5 January 2002. Thanks to Frank Morales.
A few days after the destruction at the World Trade Center I received a call
from a staff person at the Cathedral of St. John the Divine who asked me
if I, being a priest, would be willing to journey down, through all the
militarized checkpoints that had been set up immediately following the bombings,
to perform last rites for the dead. "Frank", she said, "we're really not
talking bodies here, you know, it's mostly body parts". She said that my
name had come up in discussions as somebody who might have the stomach for
such an assignment. I instantly accepted, taking the 11pm - 7am shift, feeling,
probably like a lot of people, that I could be useful there, that I could
help. Little did I realize then that it was I who would be helped, that it
was me who would gain so much from the wisdom that was smoldering there.

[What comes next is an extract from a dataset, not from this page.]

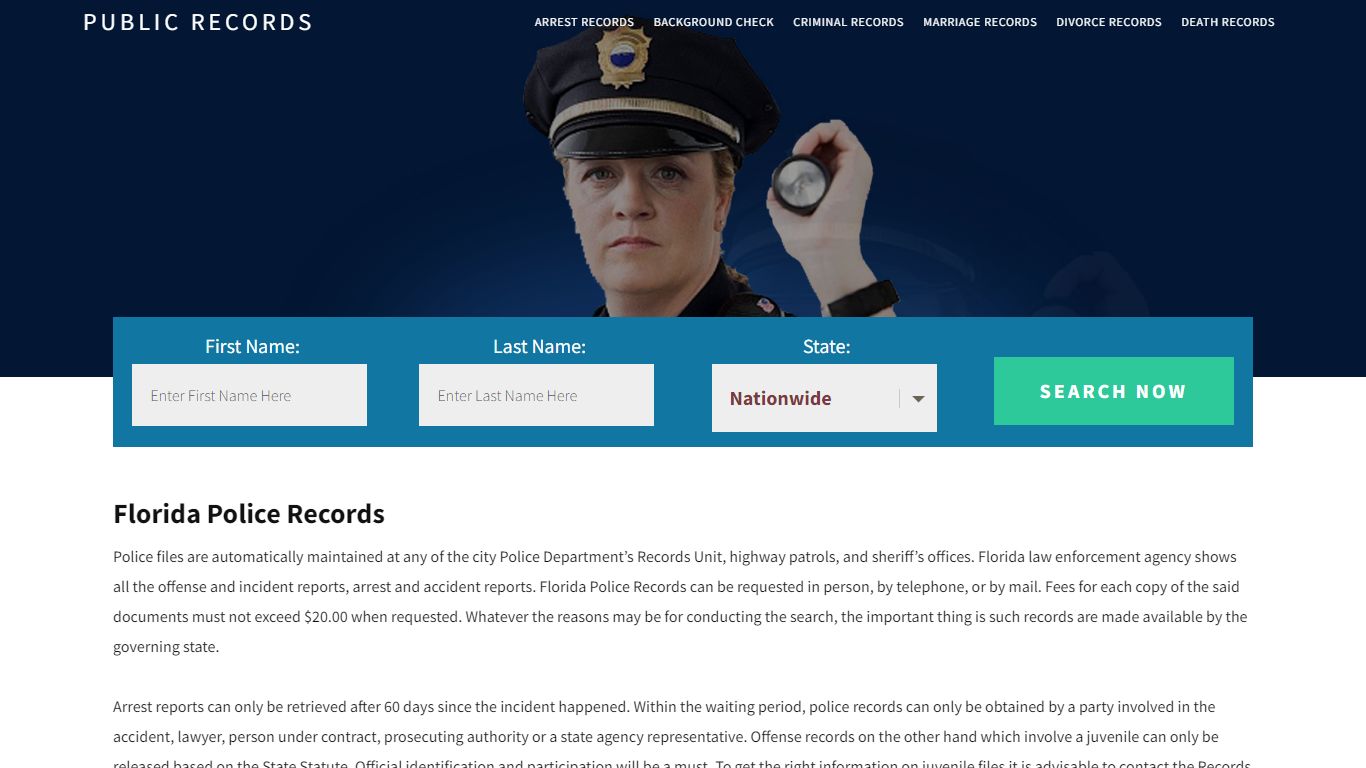 Florida Police Records | Get Instant Reports On People - Public Records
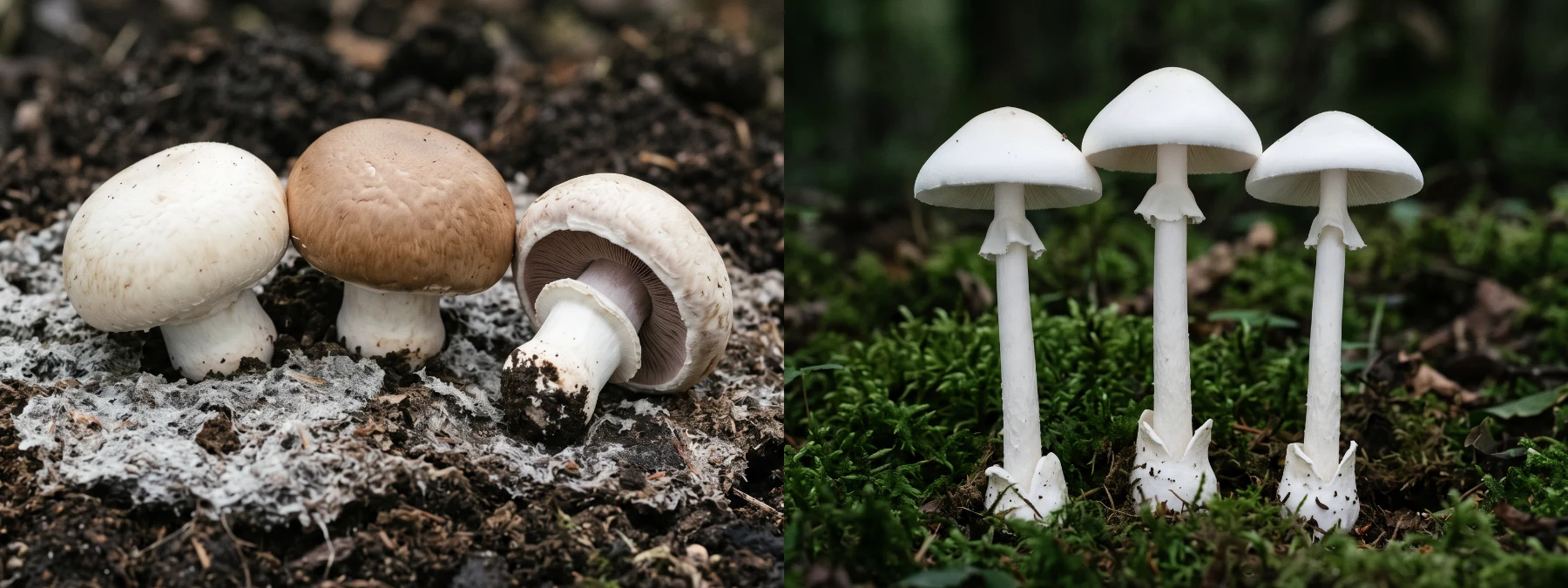 Champignons de Paris cultivés sur compost à gauche, amanites blanches dans la mousse à droite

Walking down Lower Broadway into the heart of darkness I could clearly smell
the stench of death, a perfume, I thought later, of a sacrificial fire, a
human pyre, deeply sacred in it's essence. How was I to know this wisdom
locked within that incomprehensible scene? After awhile, I passed through
the last of the checkpoints manned by National Guard people at which point
I was escorted to a series of tents set up along the Hudson, facing due east,
situated in the belly of the monster. I stood along with dozens of fireman,
construction and rescue workers within what oft times appeared to be some
kind of opera set. In front of me, a full 180 degree semi-circle, floodlit
in the dead of night, I could see the entire devastation, spiked remains
of the south tower, whose lower portion reminded me of the Parthenon, an
earlier testament to a doomed civilization, to the left, a 2000 degree pit,
the infernal ruin of the north tower. The entire deathscape cast in front
of me, sitting in my directors chair, in a remake of Apocalypse Now,
I could see the tiny machines and men traverse the mountains of twisted steel
and rich brown earth, the whole picture so large as to defy comprehension.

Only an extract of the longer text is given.